Not only is Doug Siemen’s little T roadster a knockout, it has a couple great stories to tell. First, Henry didn’t make this body. Neither did Speedy Bill. Doug made this body, from scratch. Using an old fiberglass body as a pattern, Doug stitched the whole thing together out of flat sheet metal. And while a feat like that is impressive when accomplished by a guy with a shop full of metal shaping equipment, Doug did it with little more than some hammers, a stump, and a cheap bead roller and English wheel. It’s more or less a clone of that fiberglass body, but Doug added a few unique touches. The opening doors, for one, as well as the sneaky curve on the cowl to match the windshield. And those hearts formed into the decklid and dash? More on those in a minute. Doug’s eye for proportion combined with the deuce shell, full hood, and turtle deck make the whole package about a clean as you can get with a 110 year old design.

Doug built the chassis as well, starting with a pair of reproduction ’32 rails and taking 22 inches out of them, then adding a kick to the rear. Speedway transverse springs front and rear mount the dropped I-beam and 9”. Lincoln style brakes put the whoa on the front and look just right on this traditional car. A Vega box handles the steering, and it rolls on Excelsior clad steelies.

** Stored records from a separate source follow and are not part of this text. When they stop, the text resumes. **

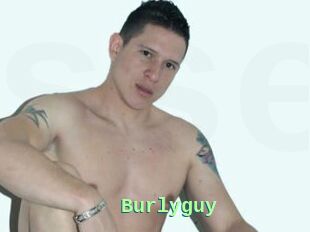 Burlyguy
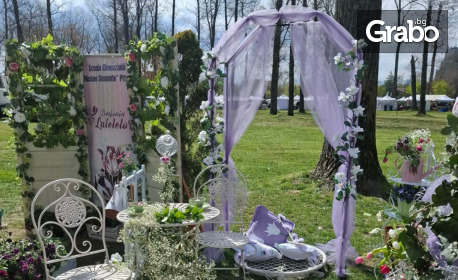 Виж Румъния през Април за Фестивал на лалето "Симфония на лалетата": 2 нощувки със закуски, плюс транспорт и посещение на Великденски панаир в Крайова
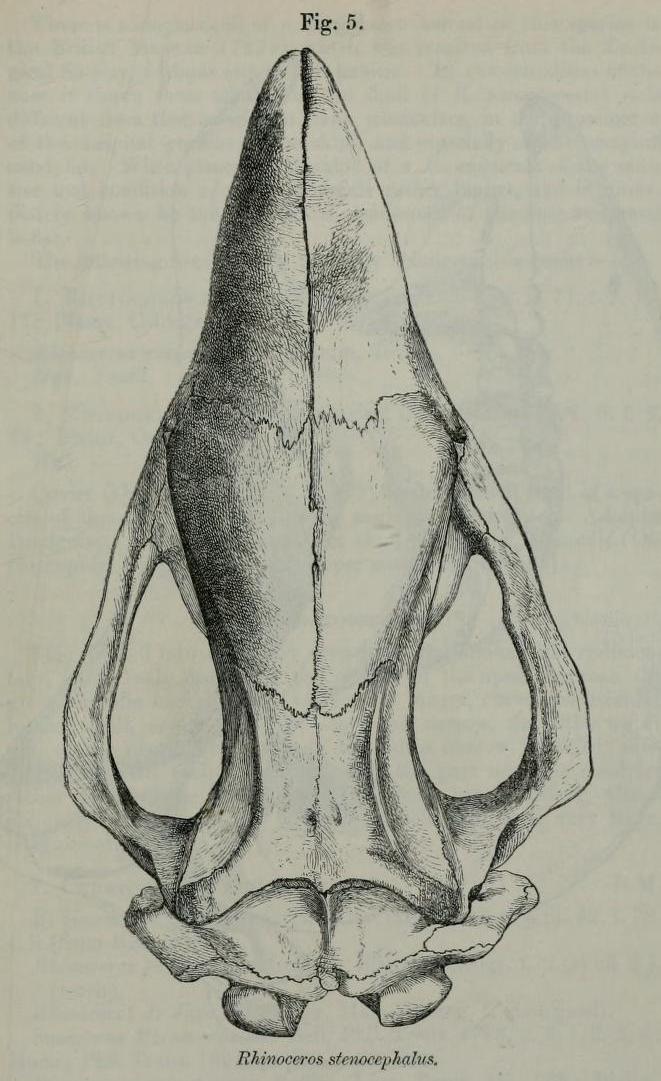 Gray 1867 nasalis skull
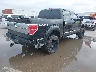 1FTFW1ET0DF****** Salvamento y Destrozados 2013 Ford F-150 en Estado de Texas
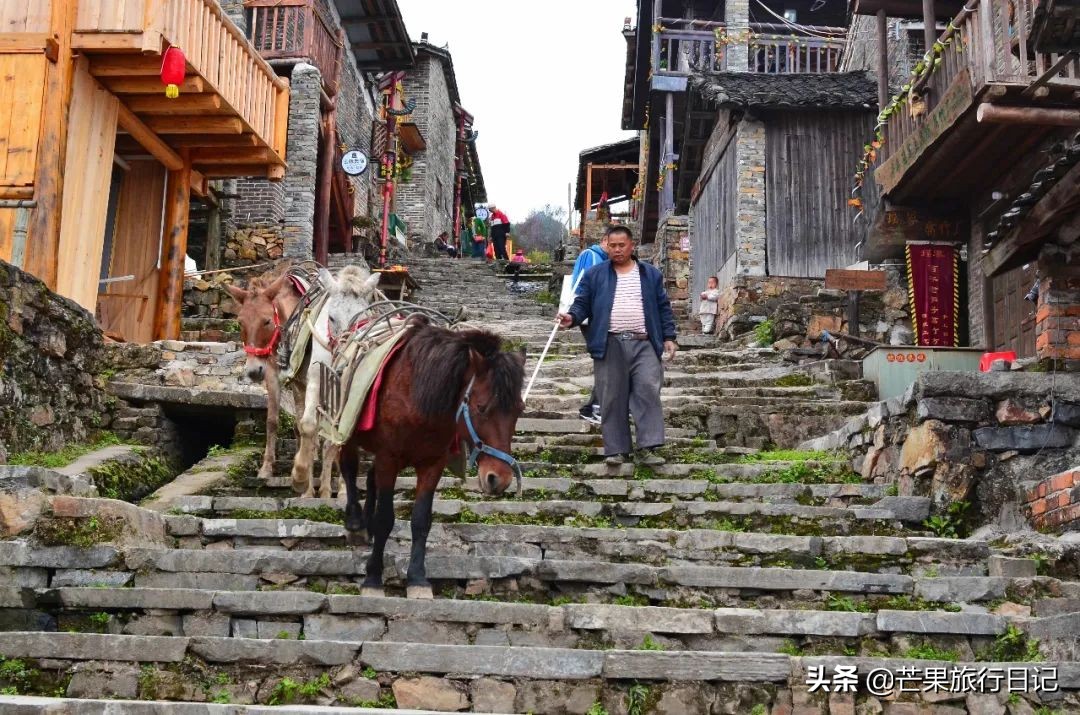 探秘山村古宅视频,广东千年古村落无人村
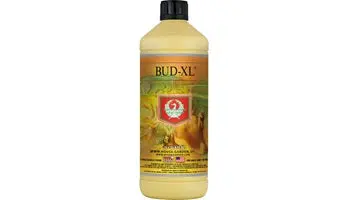 House And Garden Bud Xl 1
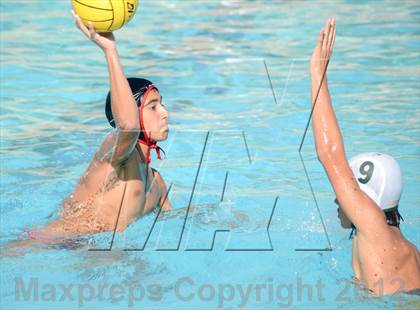 Thumbnail 1 in Livermore @ Logan photogallery.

The interior is hot rod simple, with nothing there that doesn't need to be. If you're looking for lumbar support and air conditioning, you've come to the wrong place. The centerpiece is that '35 Ford dash, modified to house a '50 Ford gauge cluster. The column shifter frees up a little floor space, and the repro 4 spoke wheel is a perfect fit for the track roadster theme.

Power comes from a .040” over 283 rebuilt by one of Doug’s buddies. It’s full of forged pistons, topped with a Holley carb, and lit by a Pertronix distributor. Nothing exotic, but that’s the point. This car was built to drive. A 700R4 puts the power down and keeps the revs to a minimum on the road trips that Doug was already planning.

And what inspired Doug to take on such a Herculean task? Well that’s the other great part of this story. Doug didn’t build this for himself, or even for a paying customer. Instead, it was built as a raffle car to benefit the Helping Hannah’s Heart Foundation, a charity to help children suffering from congenital heart defects. (Remember the hearts hammered into the metal? Now you know.) After the 9 and a half month build (!) was complete, Doug toured the car around to traditional hot rod shows all over the place, racking up 5500 miles in the process. Many hot rods don’t see that many miles in a decade.

In the end, the raffle winner was announced at Vintage Torque Fest in Dubuque, Iowa. The winner was a muscle car guy and told Doug he was probably just going to sell it. After checking in months later, Doug reports the owner not only still has it, but is in love with it and drives it all over. That’s a great testament to Doug’s workmanship and eye for making things cool. It’s also hard not to love a simple, well built hot rod roadster.